Макартни побагровел и схватился за эфес шпаги, однако тут не выдержал полковник. Бледный от гнева, он взмахнул костлявой веснушчатой рукой и заорал:
— Бесчестный негодяй! Пират! Беглый каторжник! Ты забыл, что ничего этого не будет, потому что мы не выпустим тебя обратно к твоим проклятым разбойникам!
— Может быть, нам следует поблагодарить его за предупреждение, сэр? — съязвил капитан Макартни.

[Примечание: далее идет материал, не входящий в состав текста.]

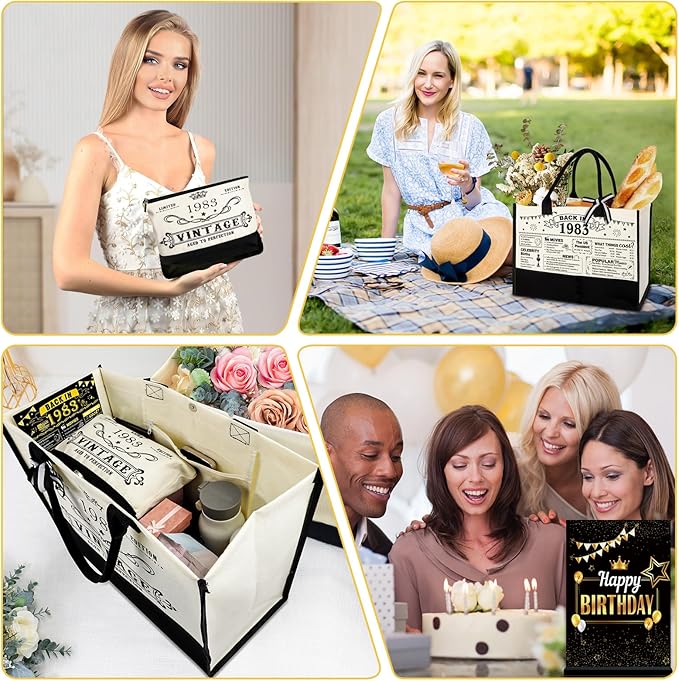 YeohJoy 42nd Birthday Gifts for Her Canvas Tote Bag Travel Gear, Unique 42 Years Old Birthday Gifts for Girlfriend Sister Friends Women, Vintage 1983 Handbag & Cosmetic Bag & Back in 1983 Poster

— О боже, вы совершенно лишены воображения, как я заметил ещё вчера! А увидав ваших мулов, я понял, чего можно от вас ожидать, и соответственно с этим принял меры. О да! Я приказал моему адъютанту, когда пробьёт полдень, считать, что мы находимся в состоянии войны, переправить пушки на берег и расположить их в форте, наведя жерла на город. Я предоставил ему для этой цели ваших мулов. — Бросив быстрый взгляд на часы над камином, он продолжал: — Сейчас почти тридцать минут первого. Из ваших окон виден форт. — Он встал и протянул губернатору свою подзорную трубу. — Взгляните и убедитесь, что всё, о чём я говорил, уже приводится в исполнение.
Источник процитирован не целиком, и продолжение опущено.